Слова эти были рождены не мозгом, не сердцем. Они вылетели откуда-то из самой середины, он чувствовал, как они выходят и рождаются, уловимые не слухом, но чувством.

Слова выпорхнули из него и потянулись вверх, и он поднял за ними глаза.

И в этот самый миг тонкий солнечный луч, прорвавшись через редуты непогоды, прошел насквозь арочное стекло, там, вверху, где раньше были хоры, и напоил светом сотканный из восково-ладанного запаха полумрак-полусвет Храма.

Никто не заметил Чуда.

Только согбенная годами старушка прошаркала мимо, собирая огарки. Зыркнула недовольно и сердито пробурчала про нынешнюю молодежь, которая настолько погрязла в мракобесии современного мира, что «даже в церковь приходит и лыбится чему-то. А крестятся все через одного неправильно. И девки ихние приходят без косынок и в… брюках. И телефоны эти свои не выключают. Ай, да чего там говорить…»

А он ничего и никого не видел и не слышал. Просто настал упоительно долгий миг, когда ему все стало ясно. И до того все оказалось просто… Что, ей-ей, хотелось смеяться просто оттого, что хорошо. Забыв о том, сколько ему лет, где он находится… Просто потому, что на душе, на один-единственный миг стало ясно. Светло. Хорошо. Чудо, как хорошо.

Один-единственный миг, пока не навалилась тяжелая туча своим пасмурным брюхом, пока не стало все обычным, плоским и безразличным, весь мир был светом, прозрачно-золотым, настоящим и добрым.

Полумрак остался, но окутался сиянием, будто горькой мудростью: самое темное место под пламенем свечи, в нашем мире от темноты никуда не деться. Для того и нужен свет, чтобы преодолевать ее. И для того и нужна тьма, чтобы ценить свет… И это ощущение, это знание хотя и сулило горести и потери, однако же давало силы их пережить и победить.

А потом все вернулось на круги своя и стало почти прежним.

Почти – потому что ему хотелось улыбнуться.

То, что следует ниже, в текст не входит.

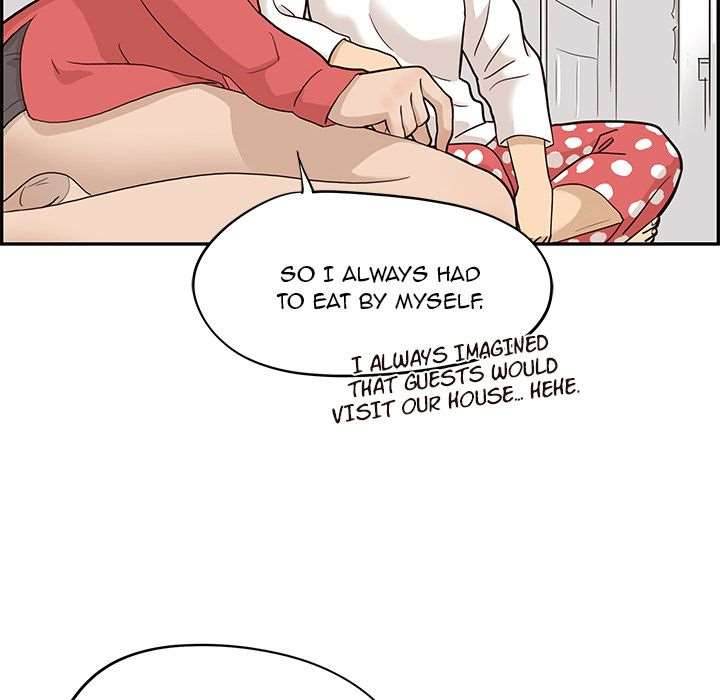 His Women’s University - Chapter 21 Page 22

Просто так. И он улыбался краешками губ, чуть заметно, для себя. Потому что, уходя, он уносил в себе частицу этого света. Внутри больше не было пустоты, и где-то там сидело лучистое зерно осенившего его Знания. Словами выразить его было нельзя. Это просто было. Было в нем. И струна, та самая, что натужно стонала басовитым отзвуком и готова была лопнуть, чтобы невесомая тяжесть души ухнула куда-то в ледяное небытие… Эта самая струна теперь пела. Негромко и солнечно.

И было хорошо.

А снаружи ждала суетливая жизнь, и небо, запахнутое облаками, делало вид, что знать не знает и ведать не ведает, что такое солнце. Надсаженной глоткой тоннелей сипело метро, с ревом глотая составы, шептала и кричала многоликая толпа, окуная то в миазмы, то в ароматы. И никто-никто в большом городе не знал о прозрачной и тонкой золотой струне, что пела у него внутри все время, пока он спускался и поднимался по заплеванным ступеням, толкался в душной подземной пустоте. Пока, наконец, страна механического Аида не выплюнула его наружу, туда, где кипел барахольно-богемный Арбат.



В промозглом, попахивающем казенной сыростью вестибюле он натолкнулся на необходимость обуть отталкивающего вида лиловые кожаные тапки, под прицельным взглядом тетушек, что сидели у входа. А еще они не хотели принимать его платежную карту. И ему пришлось выгребать из карманов мелочь, дабы наскрести на билет… Отдав ему клочок бумажки, они кивком указали, куда идти, а он еще долго чувствовал колючий взгляд, сухим перстом толкавший его меж лопаток.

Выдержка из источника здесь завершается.